SPECTRAL THEORY OF THE SUBELLIPTIC P-LAPLACIAN FOR HÖRMANDER VECTOR FIELDS

Abstract

Subject of this thesis is the spectral theory of the subelliptic p-Laplacian in the context of Hörmander vector fields. In Chapter 2, we determine the first eigenvalue 𝜆_1 through the minimization of the Rayleigh quotient, which also leads to finding the best constant in the L^p Poincaré-Friedrichs inequality for Hörmander vector fields. Also, we prove Hölder continuity of eigenfunctions with respect to the Carnot-Carathéodory metric and positivity of the first eigenfunction, which are applied to obtain the simplicity of the first eigenvalue 𝜆_1. By the end of Chapter 2, we show that all eigenfunctions corresponding to any eigenvalue 𝜆 ≠𝜆_1 change sign in the given domain and the first eigenvalue 𝜆_1 is isolated in the set of all eigenvalues. In Chapter 3, we apply the Lusternik-Schnirelman theory to establish the existence of a sequence of variational eigenvalues for the subelliptic p-Laplacian eigenvalue problem.
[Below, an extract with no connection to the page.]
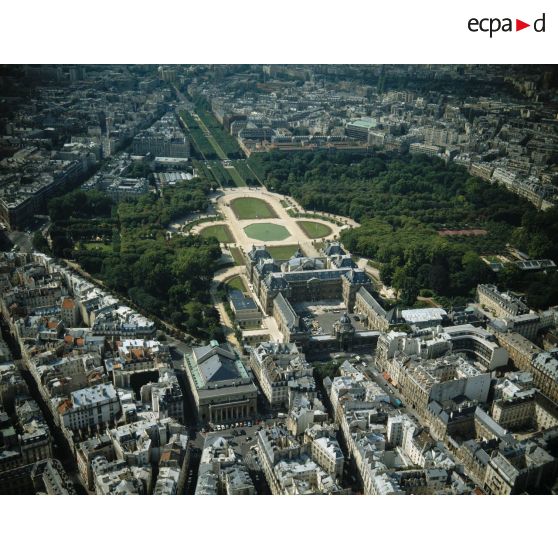 Paris 6e. Le jardin du Luxembourg et le Sénat.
We use two different kinds of compact, symmetric subsets of some manifold to derive variational eigenvalues of the Lusternik-Schnirelman type. As applications in the context of partial differential equations, we demonstrate blow-up and extinction behavior of solutions to some parabolic equations with the subelliptic p-Laplacian in Chapter 4.